Yves Fortier's oil patch ties prompt civil liberties complaint

Yves Fortier sat on board of company behind Keystone pipeline

A civil liberties group is objecting to Canada's spy watchdog assigning Yves Fortier to investigate alleged spying on environmental activists, citing a conflict due to his former petroleum industry ties. (Ryan Remiorz/Canadian Press)

A civil liberties group is objecting to Canada's spy watchdog assigning Yves Fortier to investigate alleged spying on environmental activists, citing a conflict due to his former petroleum industry ties.

The British Columbia Civil Liberties Association's lawyer has written to the Security Intelligence Review Committee asking that Fortier "recuse himself from any participation" in the matter since he once sat on the board of TransCanada Pipelines — the company behind the Keystone XL project.
■U.S. to delay Keystone pipeline decision
■CBC Calgary holds Keystone pipeline town hall
■TransCanada targetted by U.S. activist hedge funds

Fortier, one of three review committee members, was recently appointed to lead an investigation into the association's complaint that the Canadian Security Intelligence Service gathered and shared information about activists opposed to Canada's energy policies.

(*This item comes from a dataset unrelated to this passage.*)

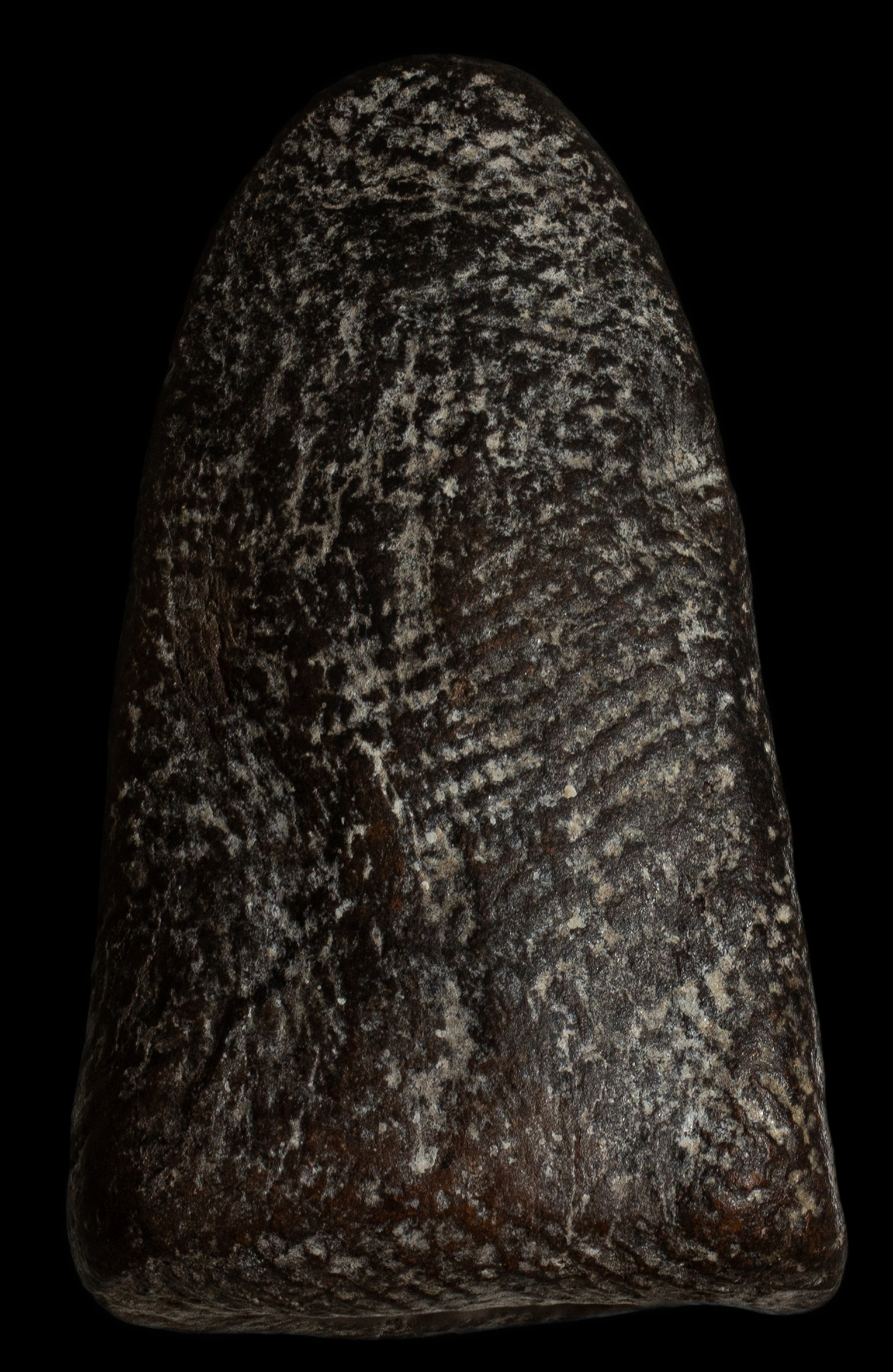 พระรอดหลวงพ่อกวย เนื้อใบลานผสมผงน้ำมัน หลวงพ่อกวย วัดโฆสิตาราม ชัยนาท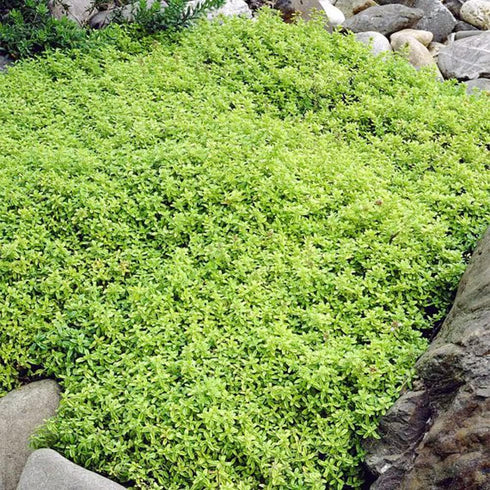 QAUZUY GARDEN 1000 Seeds Lemon Thyme Thymus Citriodorus Herb Flower Seeds Non-GMO Seeds Fast Growing & Maintain...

The association filed the complaint with the review committee in February after media reports suggested that CSIS and other government agencies consider protests and opposition to the petroleum industry as possible threats to national security.

Groups are not 'criminal organizations'

The complaint also cited reports that CSIS had worked with and shared information with the National Energy Board about so-called "radicalized environmentalist" groups seeking to participate in the board's hearings on Enbridge's Northern Gateway pipeline project, which would see Alberta crude flow to westward to Kitimat, B.C.
■Alleged CSIS, RCMP spying on Northern Gateway pipeline protesters

The groups included Leadnow, ForestEthics Advocacy Association, the Council of Canadians, the Dogwood Initiative, EcoSociety, the Sierra Club of British Columbia and Idle No More, the indigenous rights movement.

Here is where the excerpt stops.